As one might expect, these companies, faced with the reality that they were going to lose money on each sale, began to limit availability of their product. This lead to the infamous "gas lines," where folks lined up to purchase their 10 gallon maximum, every other Thursday between 9:00AM and 1:00PM.
I'm reminded of this because of a rather silly piece in yesterday's New York Times, with the deceptive title "How Insurers Are Finding Ways to Shift Costs to the Sick."
First, the Grey Lady gets the premise exactly wrong: by purchasing insurance, consumers shift their risk to the carrier, not the other way around.

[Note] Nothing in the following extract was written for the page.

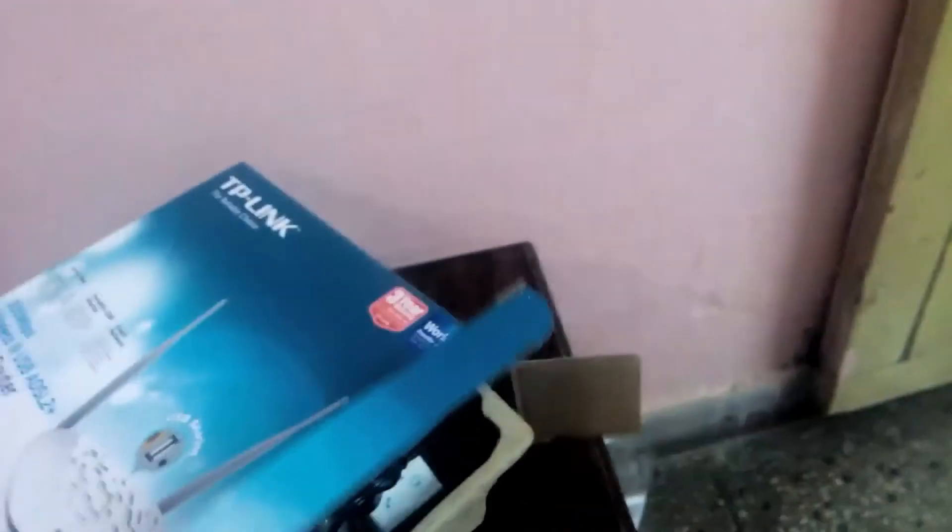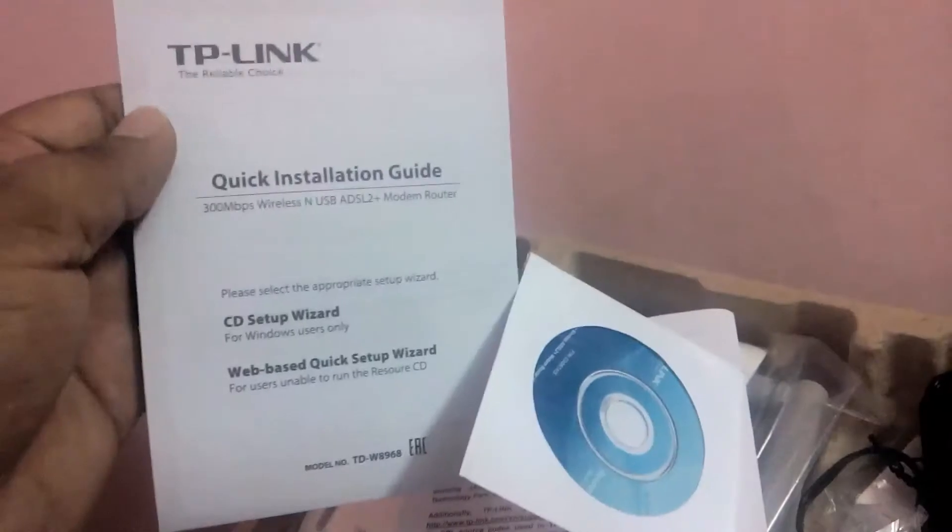It's so simple — actually I wasn't able to find that. So here is the inner tray, and there is some manual, a quick installation guide, and a general public license notice. And there is a driver CD.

All that a carrier can do is to limit the amount of risk it's willing to assume.
In the event, the point of the article is that some carriers, chafing under the restrictions placed on them by the ObamaTax but still needing to turn a profit, necessarily have to find ways to limit their exposure. One way is by the use of "narrow networks," whereby fewer and fewer providers are actually in-network.
But that only goes so far: a lot of people are on some form of prescription, often a "maintenance" one (for chronic conditions). Many of these are of the generic variety, which used to be the most efficient way of reining in out-of-control med costs. Unfortunately, this has proved to be insufficient for the task. So what's a carrier to do?
Well, if they're smart (and they generally are), they'll do what Shell and Sunoco did 40 years ago, and cut their losses. Limiting how much they'll pay for generics, or even which generics they'll cover at all, is simply their version of a gas line. To categorize it, as the NYT does, as "trying to skirt the spirit of the [ObamaTax]" is not only pernicious, but irrelevant: they are doing what they need to do to stay in business. It's perfectly understandable, perfectly legal, and it's what happens when the heavy hand of government meddles in the market.